Tonight as it gets cold
tell yourself
what you know which is nothing
but the tune your bones play
as you keep going. And you will be able
for once to lie down under the small fire
of winter stars.

How can you aim a fire?

The golden sheep are feeding, and
Their mouths harbour contentment;
Gladly my tongue praises
This hour scourged of dissension
By weight of their joyous fleeces.

Practical to the end,
               it is the poem
                                  of his existence
that triumphed

(from "Elegy to Marina Tsvetayeva-Efrom (II)" by Rainer Maria Rilke)
(from "No Better Gift" by Rumi) 
(from "Lines of Winter" by Mark Strand)
(from "blue" by Cara Benson)
(from "To a Very Slow Air" by Philip Larkin) 
(from "The Sparrow" by William Carlos Williams)



California Girl said...

We are living in fear-inducing times. However, as your snippets of poetry from various times past indicate, it's circular. One thing drops off and the next takes its place.

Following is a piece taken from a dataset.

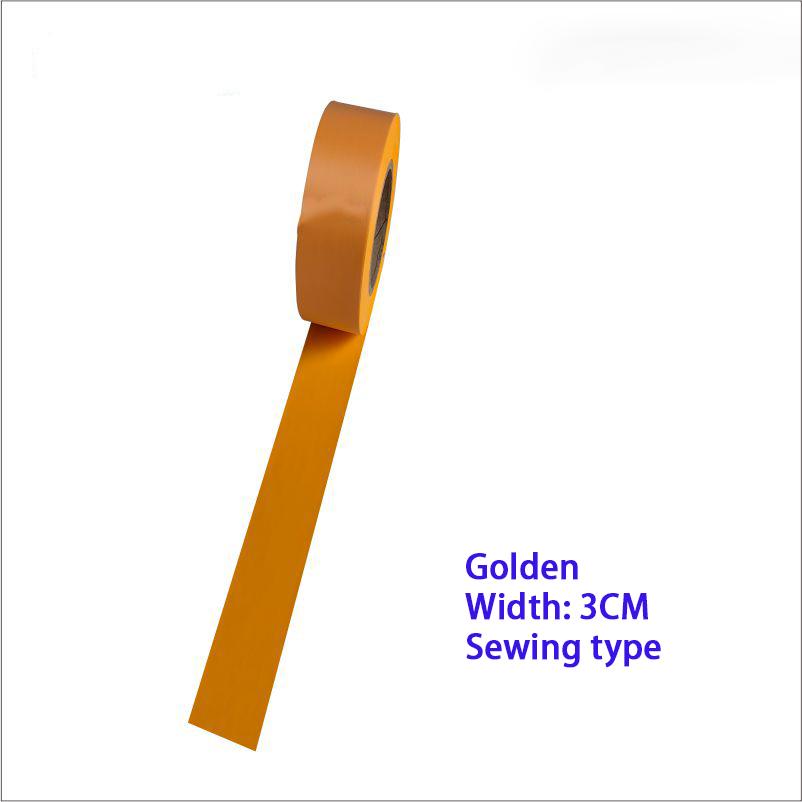 

1-15 Meters Safety Warning Tape Strip 3CM High Brightness Reflective Strip PVC Night Light Sticker Vest Car Seam Reflective 1 Meter золотистий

I hate the guns thing. We live in a hunting area and it infuriates me to wake to the sound of rifles going off across the street in the fertile flood plains where geese, ducks, deer and who knows what else feed. I wish I could banish them all.

But I'm a hypocrite. I feed on flesh and I do little to change it.

If I had to kill my food, I might be more tolerant...or a great deal less carnivorous.

Maureen said...

Creating a "found" poem can be such an interesting and revealing writing exercise.

Love how you end this!

The Solitary Walker said...

A very interesting exercise, Ruth.

The Rilke - yes, massively poignant, considering Tsvetaeva's suicide - the second - my favourite - trust Rumi with the humour! - I think you featured this poem by Mark Strand recently and now, as then, I love 'the tunes your bones play' - 'How can you aim a fire?' - mmm - sound like a koan - the Larkin confuses me, I don't know it, it sound quite archaic, is it from his very early, romantically influenced collection(s)?, a bit confusing - the WCW is magnificent to end with, the triumph of 'the poem of his existence' - YES!

The Broad said...

I like what you have done here very much and especially the inclusion of the final poem!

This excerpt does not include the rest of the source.